Today’s advanced driver assistance systems are already preventing collisions, but more powerful processors and sensors will usher in the next generation of safety advances, which will go even further to save lives and prevent injuries, according to a recent article from Consumer Reports (CR).
Fleet owners always have safety top-of-mind. Here are three of the crash-prevention advances to expect soon, according to the CR report:
Augmented Reality — These systems put vital information in the driver’s sight without directing their eyes away from the road, like standard gauges and other visual warnings do.

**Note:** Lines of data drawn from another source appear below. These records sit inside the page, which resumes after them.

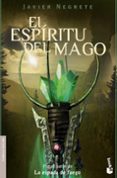 el espiritu del mago (tetralogia la espada de fuego 2)-javier negrete-9788445076798 el espiritu del mago (tetralogia la espada de fuego 2)-javier negrete-9788445076798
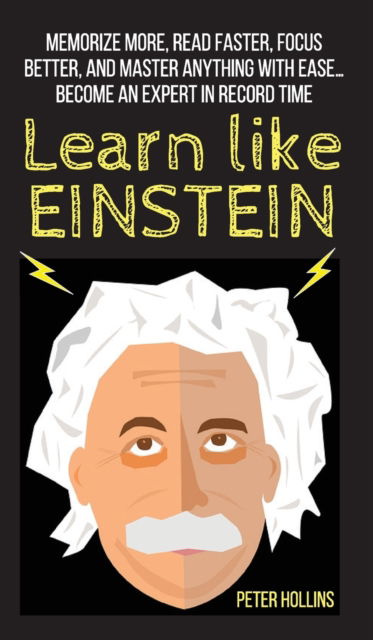 Cover for Peter Hollins · Learn Like Einstein: Memorize More, Read Faster, Focus Better, and Master Anything With Ease... Become An Expert in Record Time (Hardcover Book) (2019)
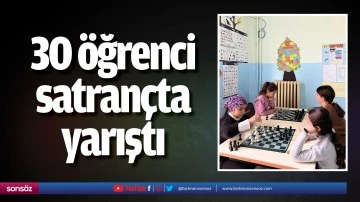 30 &ouml;ğrenci satran&ccedil;ta yarıştı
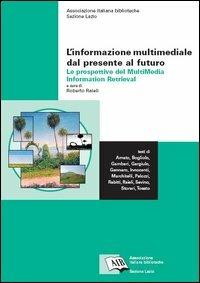 L' informazione multimediale dal presente al futuro: le prospettive del Multimedia Information Retrieval - copertina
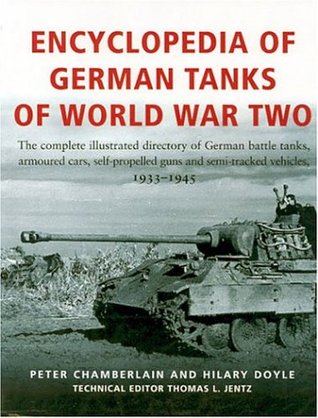 Encyclopedia Of German Tanks Of World War Two: The Complete Illustrated Directory of German Battle Tanks,Armoured Cars, Self-Propelled Guns and Semi-Track (Paperback)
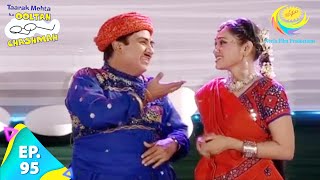 Taarak Mehta Ka Ooltah Chashmah  Episode 95  Full Episode [upl. by Bowlds705]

Automakers and suppliers are developing systems that will use a head-up display that can track a driver’s eye movements to ensure vital information is projected in their line of sight no matter where they look or how far they sit from the steering wheel. For example, these systems can show exactly where a navigation system says to turn, highlight a pedestrian waiting to cross, or warn of a stopped car ahead, according to CR.
Thermal Cameras — The big advantage to these cameras versus vision-based cameras is they are much better at detecting pedestrians in the dark. As many fleet managers know, pedestrian fatalities are up 46% over the past decade and 80% of pedestrian fatalities happen after dark, according to the National Highway Traffic Safety Administration (NHTSA).
Using an infrared heat sensor, thermal cameras can detect people in the dark or in low-light situations, even when they are attired in dark apparel, notes the report. Expect to see these cameras in new vehicles as early as 2025.
Advanced Driver Monitoring — The goal of this technology is to make sure motorists are focused on the road by using a combination of automation and sensors. Some of these systems can also detect whether a driver is unresponsive — due to a medical emergency, impairment or drowsiness, for example — and safely slow the vehicle and call for help, according to CR. For example, GM vehicles with Super Cruise can slow down and call for help if a driver is unresponsive.
CR’s experts say monitoring systems should at least be active when both speed and steering assistance are used because the driver risks becoming complacent. Moreover, the technology can also be used to detect behavior related to a health problem. In fact, NHTSA data shows an estimated 20,000 drivers annually crashed because of a medical emergency, such as a heart attack, seizure, or blackout behind the wheel.